5. What theorem do Exercises 1-4 prove? (1 point)
Triangle Inequality Theorem
Converse of the Angle Bisector Theorem
Angle Bisector Theorem
Triangle Midsegment Theorem
We do not have access to the problems to help you.
To determine which theorem is proven by exercises 1-4, we need to understand what each theorem states. Let's take a look at each theorem:
1. Triangle Inequality Theorem:
The Triangle Inequality Theorem states that the sum of the lengths of any two sides of a triangle must be greater than the length of the third side.
2. Converse of the Angle Bisector Theorem:
The Converse of the Angle Bisector Theorem states that if a point lies on the interior of an angle and divides the angle into two congruent angles, then the point lies on the angle bisector.
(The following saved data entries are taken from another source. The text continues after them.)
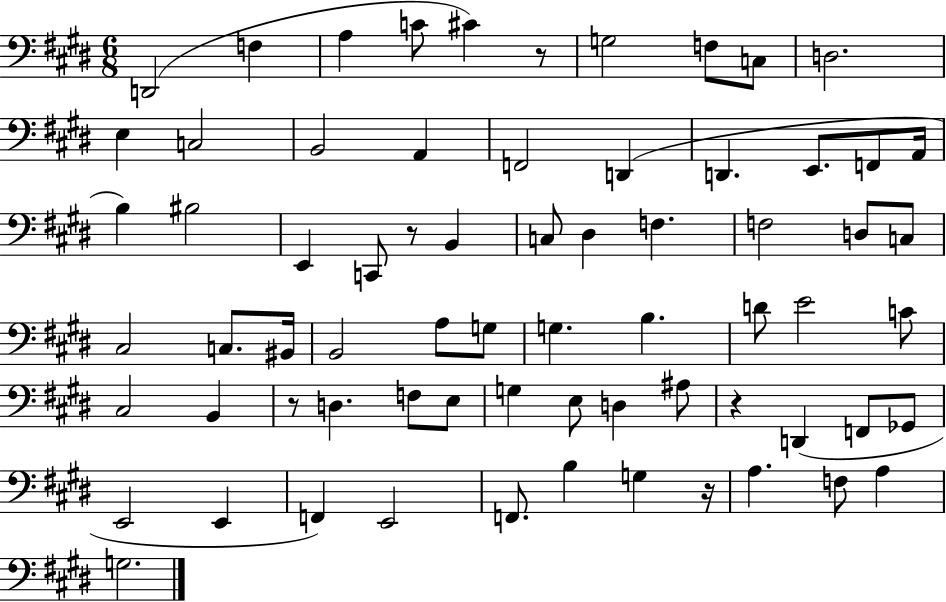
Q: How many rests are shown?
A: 5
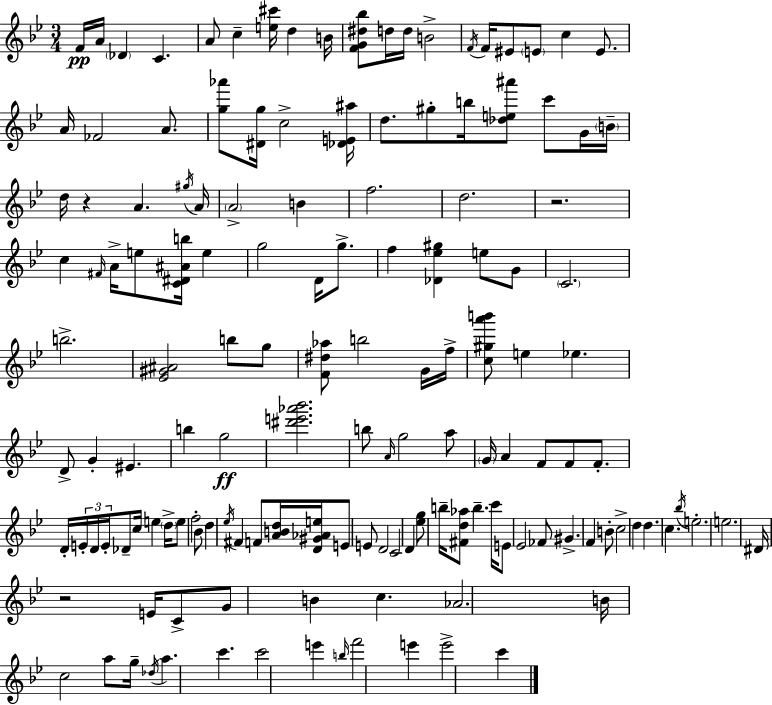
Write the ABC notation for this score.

X:1
T:Untitled
M:3/4
L:1/4
K:Gm
F/4 A/4 _D C A/2 c [e^c']/4 d B/4 [FG^d_b]/2 d/4 d/4 B2 F/4 F/4 ^E/2 E/2 c E/2 A/4 _F2 A/2 [g_a']/2 [^Dg]/4 c2 [_DE^a]/4 d/2 ^g/2 b/4 [_de^a']/2 c'/2 G/4 B/4 d/4 z A ^g/4 A/4 A2 B f2 d2 z2 c ^F/4 A/4 e/2 [C^D^Ab]/4 e g2 D/4 g/2 f [_D_e^g] e/2 G/2 C2 b2 [_E^G^A]2 b/2 g/2 [F^d_a]/2 b2 G/4 f/4 [c^ga'b']/2 e _e D/2 G ^E b g2 [^d'e'_a'_b']2 b/2 A/4 g2 a/2 G/4 A F/2 F/2 F/2 D/4 E/4 D/4 E/4 _D/2 c/4 e d/4 e/2 f2 _B/2 d _e/4 ^F F/2 [ABd]/4 [D^G_Ae]/4 E/2 E/2 D2 C2 D [_eg]/2 b/4 [^Fd_a]/2 b c'/4 E/2 _E2 _F/2 ^G F B/2 c2 d d c _b/4 e2 e2 ^D/4 z2 E/4 C/2 G/2 B c _A2 B/4 c2 a/2 g/4 _d/4 a c' c'2 e' b/4 f'2 e' e'2 c'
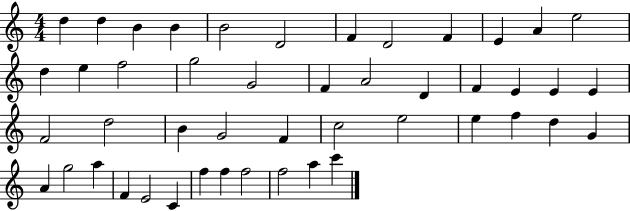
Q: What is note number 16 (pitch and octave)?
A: G5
3. Angle Bisector Theorem:
The Angle Bisector Theorem states that if a ray bisects an angle of a triangle, then it divides the opposite side into two segments that are proportional to the lengths of the other two sides.
4. Triangle Midsegment Theorem:
The Triangle Midsegment Theorem states that the line segment connecting the midpoints of two sides of a triangle is parallel to the third side and half its length.
Now, we can determine the theorem that exercises 1-4 prove. Since we know what each theorem states, we need to consider the information given in the exercises. Based on the information provided in the question, we do not have specifics about the exercises themselves. Therefore, without any additional information, it is not possible to determine which theorem exercises 1-4 prove.